____ EXERCISE MATERIALS
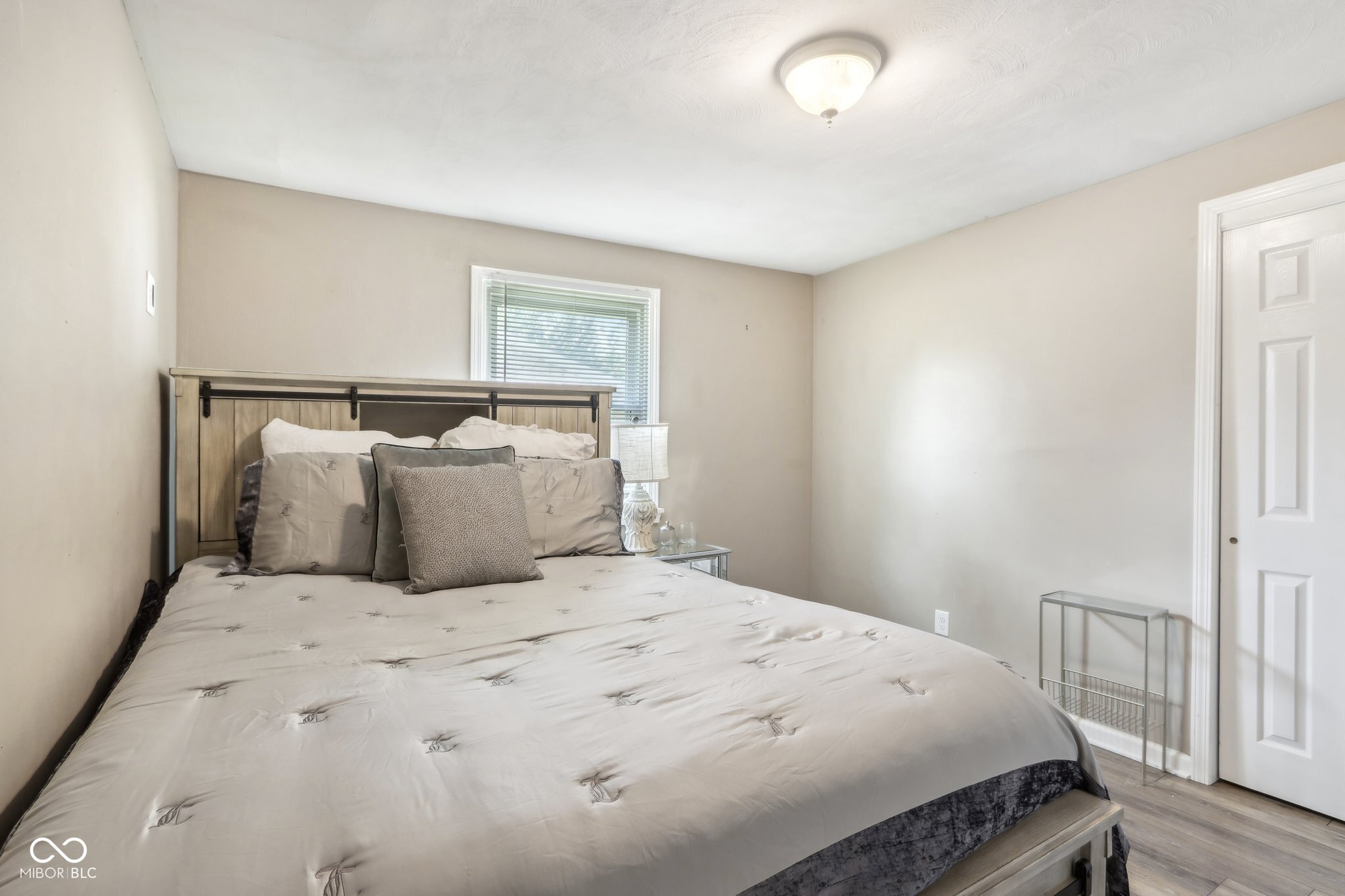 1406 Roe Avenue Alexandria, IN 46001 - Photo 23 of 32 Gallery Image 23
________
____ EXERCISE MATERIALS
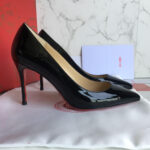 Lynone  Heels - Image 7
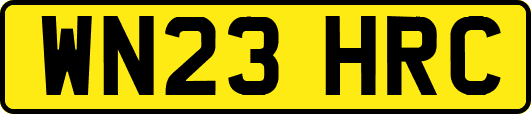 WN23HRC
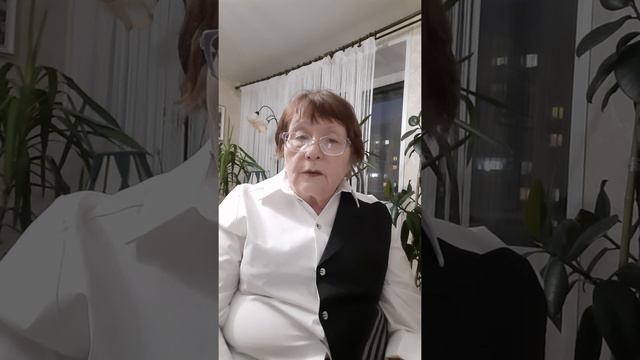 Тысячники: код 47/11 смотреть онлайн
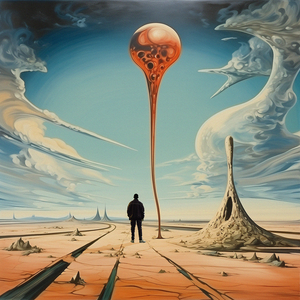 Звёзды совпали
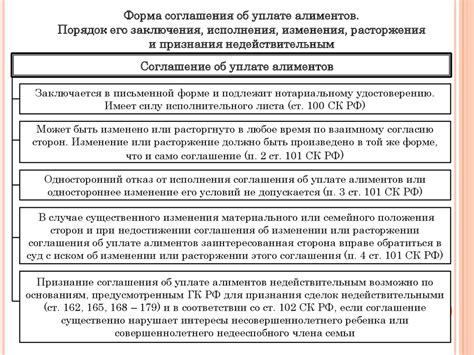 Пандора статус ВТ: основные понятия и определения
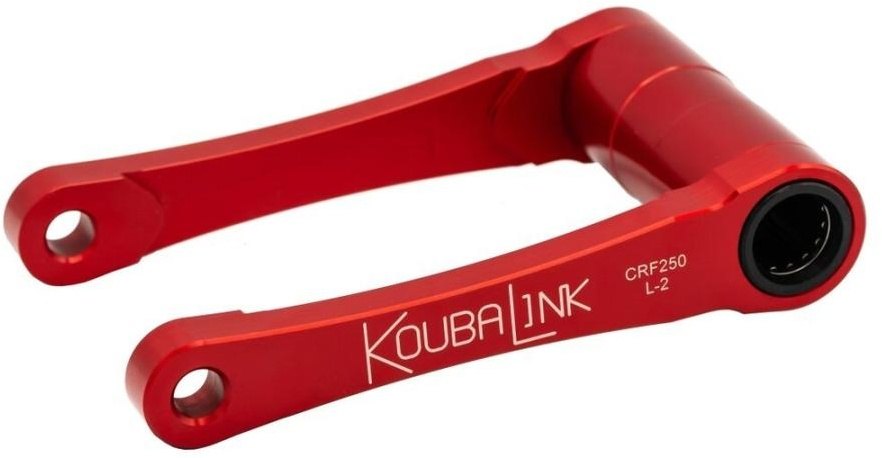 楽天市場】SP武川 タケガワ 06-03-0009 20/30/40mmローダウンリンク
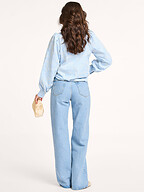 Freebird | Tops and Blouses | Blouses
________
____ EXERCISE MATERIALS
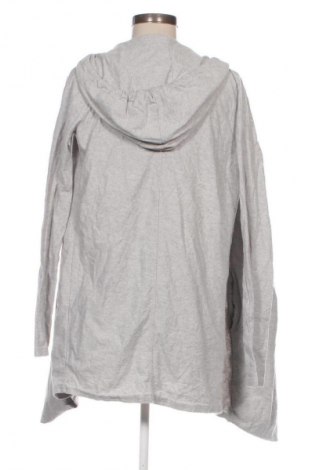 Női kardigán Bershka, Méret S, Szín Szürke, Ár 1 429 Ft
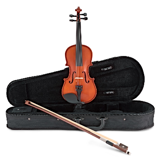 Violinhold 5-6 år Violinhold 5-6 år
________
### ASSIGNMENT:
Your answer should be the lines above, word for word, from the line with "Heels - Image 7" through the line with "Freebird | Tops and Blouses | Blouses", minus the pictures.

### SOLUTION TO THE EXERCISE:
 Lynone  Heels - Image 7
 WN23HRC
 Тысячники: код 47/11 смотреть онлайн
 Звёзды совпали
 Пандора статус ВТ: основные понятия и определения
 楽天市場】SP武川 タケガワ 06-03-0009 20/30/40mmローダウンリンク
 Freebird | Tops and Blouses | Blouses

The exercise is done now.